Eine Honda CB 400 Four mag nicht ganz so kultig sein wie die übermächtige große Schwester 750. Zu einem schönen Custombike taugt aber auch die Kleine allemal – Sprintqualität allerdings überschaubar.

Chris braucht Adrenalin, mehr als andere.
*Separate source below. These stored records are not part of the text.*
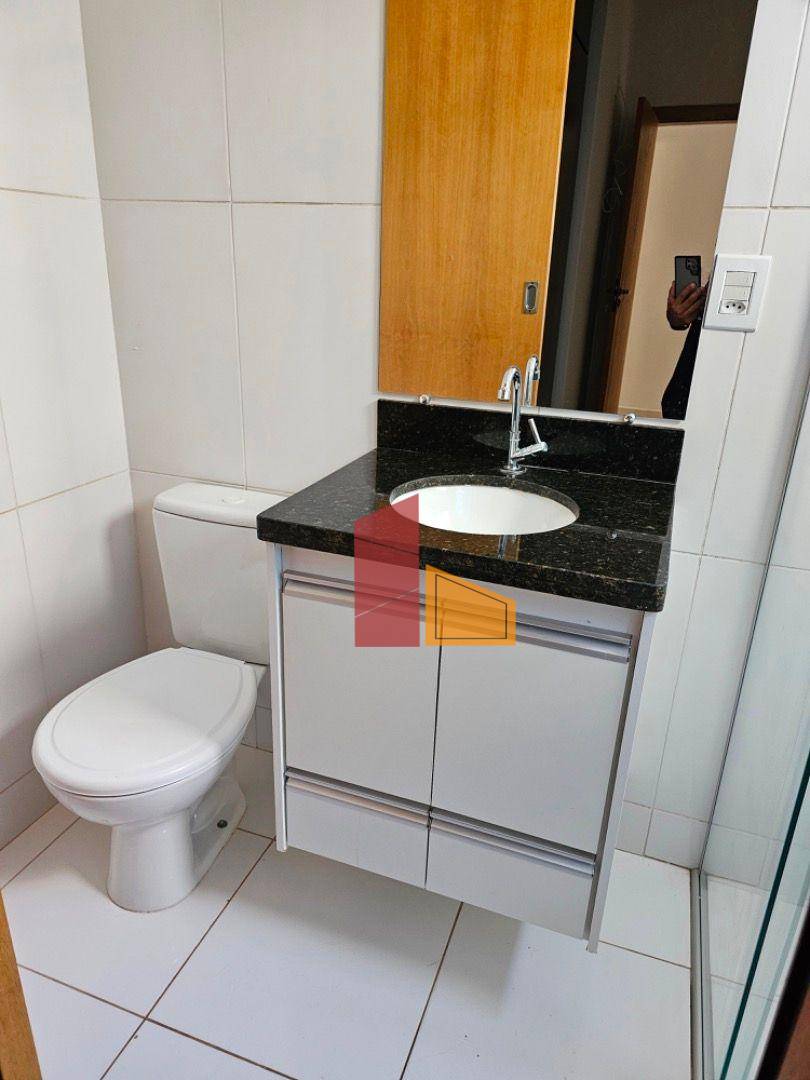 Apartamento à venda com 2 quartos, 68m² - Foto 13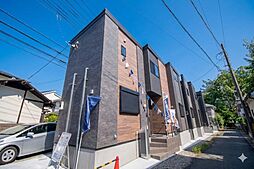 さいたま市浦和区大東 全3棟3号棟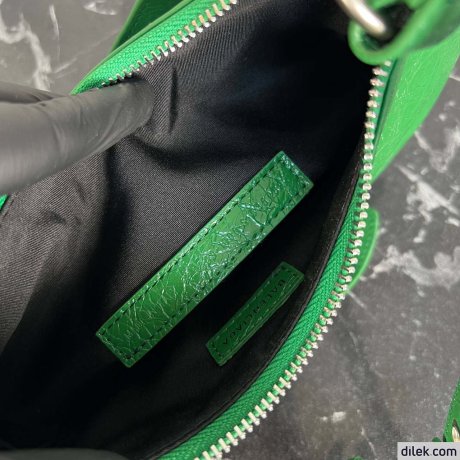 Balenciaga Le Cagole XS Shoulder Bag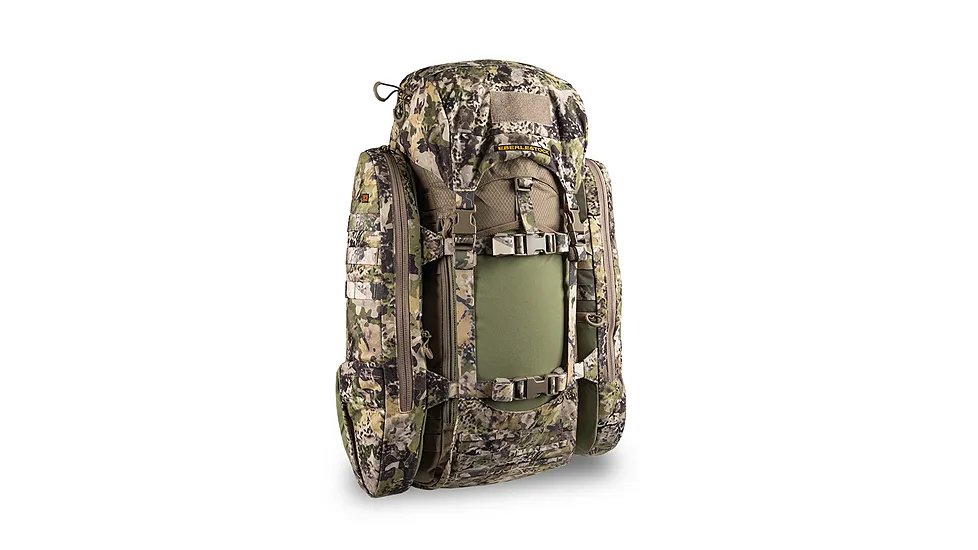 DealsHubz's tweet image. Eberlestock X2 Daypack w/ Free S&amp;amp;H — 5 models
for $287.49 - $319.99

sovrn.co/1ckvgko

#Eberlestock #Daypack #Ad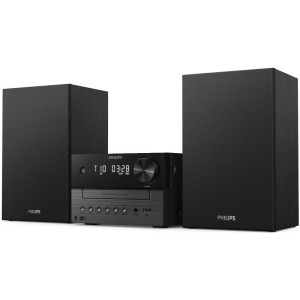 TAM3505M2 MIKROSYSTÉM PHILIPS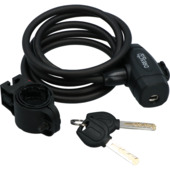 Dresco kabelslot 150/8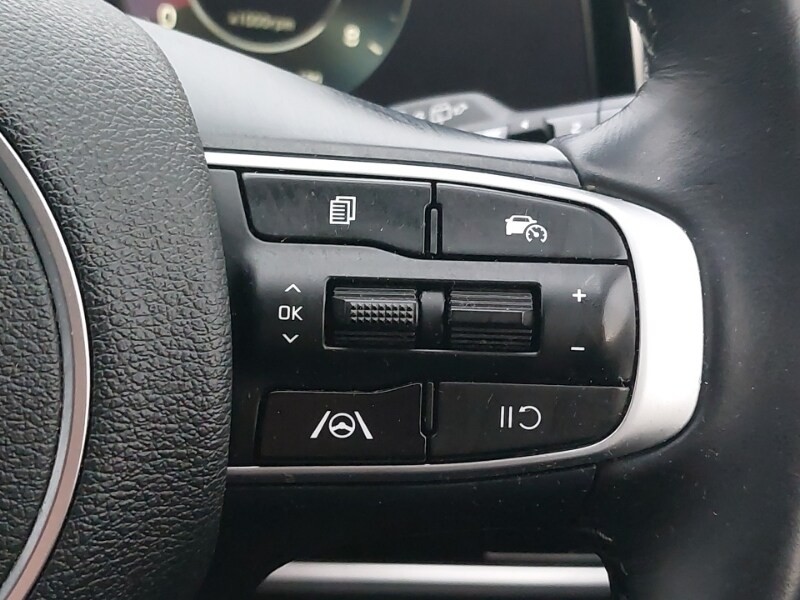 Used Kia Sportage 2022 for sale - 77366541: Photo 16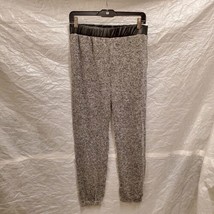 RD Style Women&#39;s Gray Pants, Size M, NWT - £35.47 GBP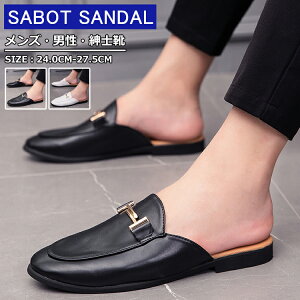 rWlXV[Y Y T_ ɂ rWlXT_ ƂȂV[Y Xbp Xb| ItBXV[Y T{T_ vC amC Г ʋC ƂȂC JW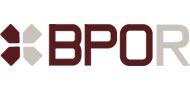 NARS's Broker Price Opinion Resource or BPOR Designation logo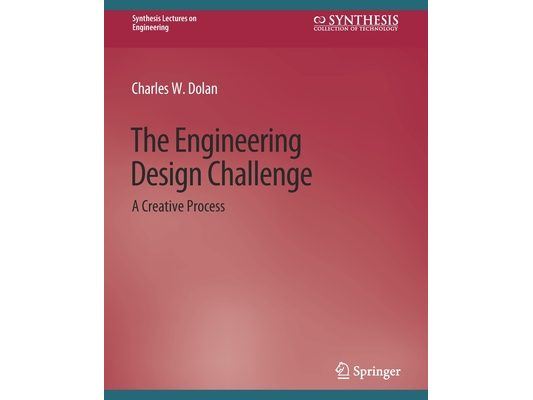 The Engineering Design Challenge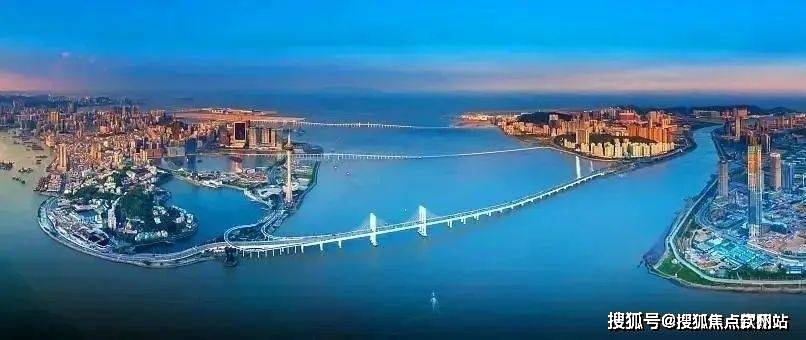 中海寰宇天下售楼处首页网站珠海中海寰宇天下配套价格户型详情电话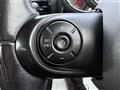 2016 BMW MINI Clubman
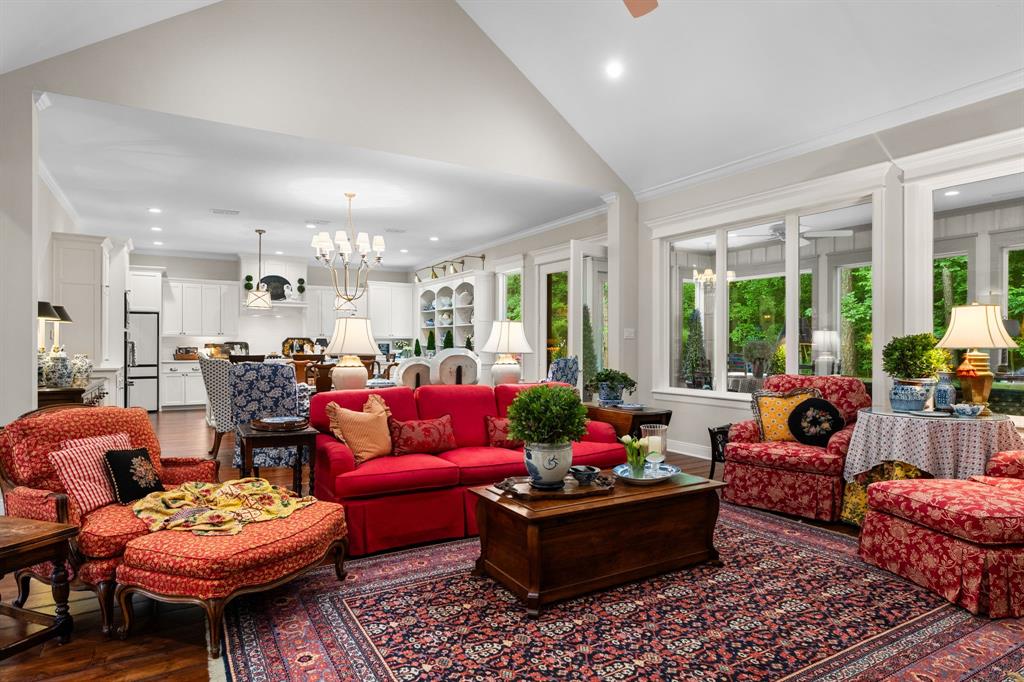 14698 Jade Forest Trail
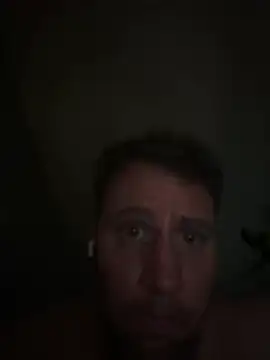 johnbjd online show from January 16, 2026, 8:18 am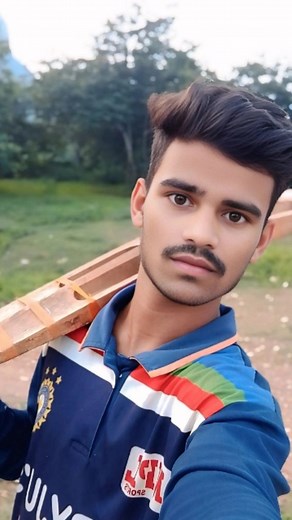 4.5K reactions · 19 shares | India Lost The Match Semi Final.......凉 . . . . . . .ᴛʀᴀɴᴅɪɴɢ . . . . . .#cricketerhistory #instagarm #semifinalmatch .#indiavsbangladesh #india #lost #thematch .#semifinalmatch #sadsongs❤️ | Sanoj Kumar | Facebook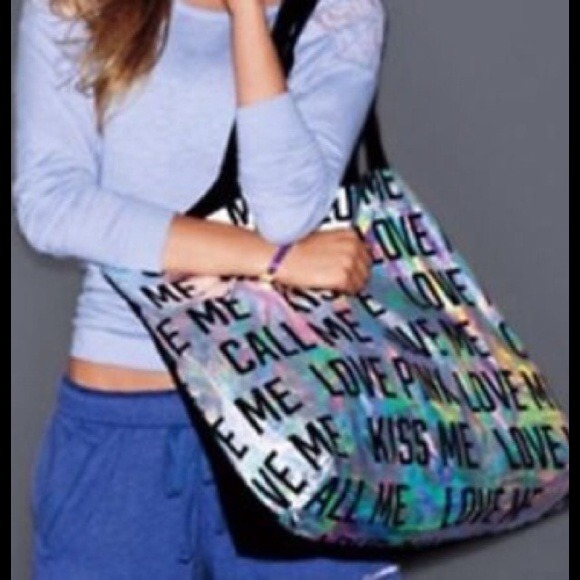 🌷Bundle🌷 - Picture 2 of 4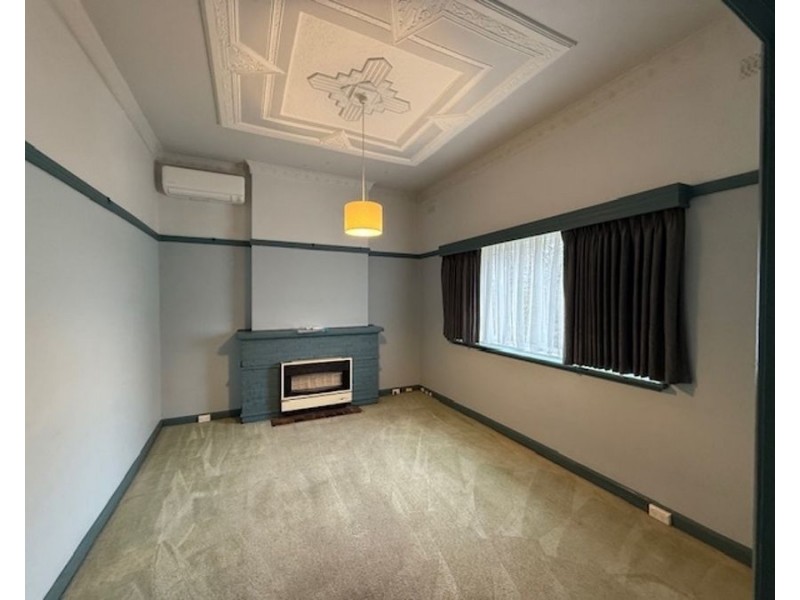 34 Grandview Ave, Pascoe Vale South VIC 3044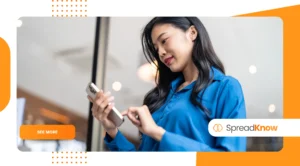 How Social Media Crackdowns in Some Countries Affect News Access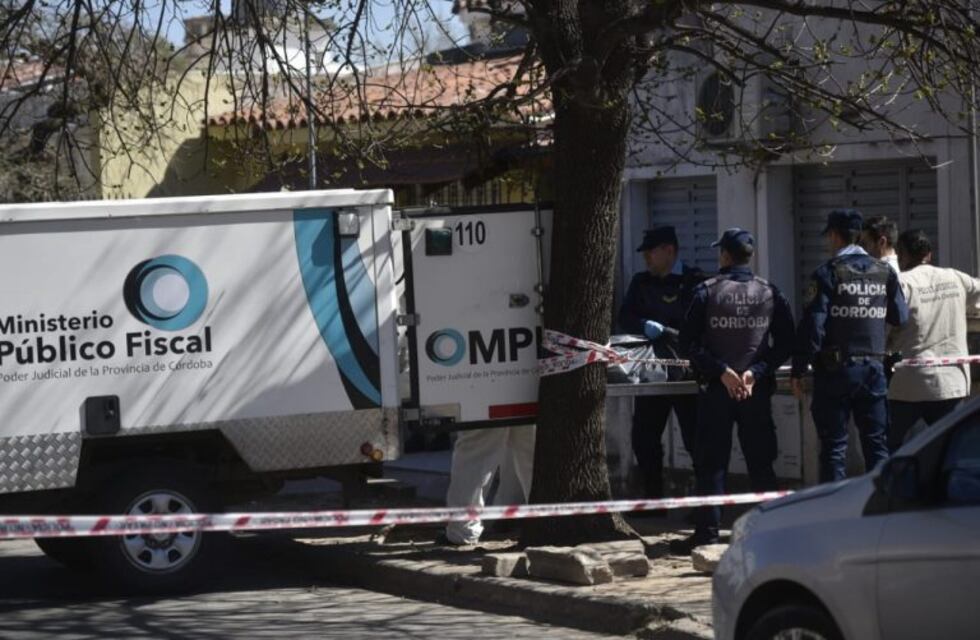 "Maté a mi hermana": la confesión del asesino de Colinas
Früher, im ersten Motorradleben, holte er es sich auf der Rennstrecke und beim Stuntriding, später als das Alltagsmotorrad noch eine Harley war, mussten 700 Fallschirmsprünge den Kick des Lebens liefern.

Durch die fast vierzig Jahre alte Honda nahm die Sache neue Fahrt auf

Trotzdem, wie viele kam er immer wieder auf das Thema Motorrad zurück, aber erst als eine fast vierzig Jahre alte Honda ihren Weg zu ihm fand, nahm die Sache mit den Bikes neue Fahrt auf. 2015 ersteht er die CB 400 Four, zerlegt sie in seinem Keller und macht sich an die Arbeit, sie neu aufzubauen.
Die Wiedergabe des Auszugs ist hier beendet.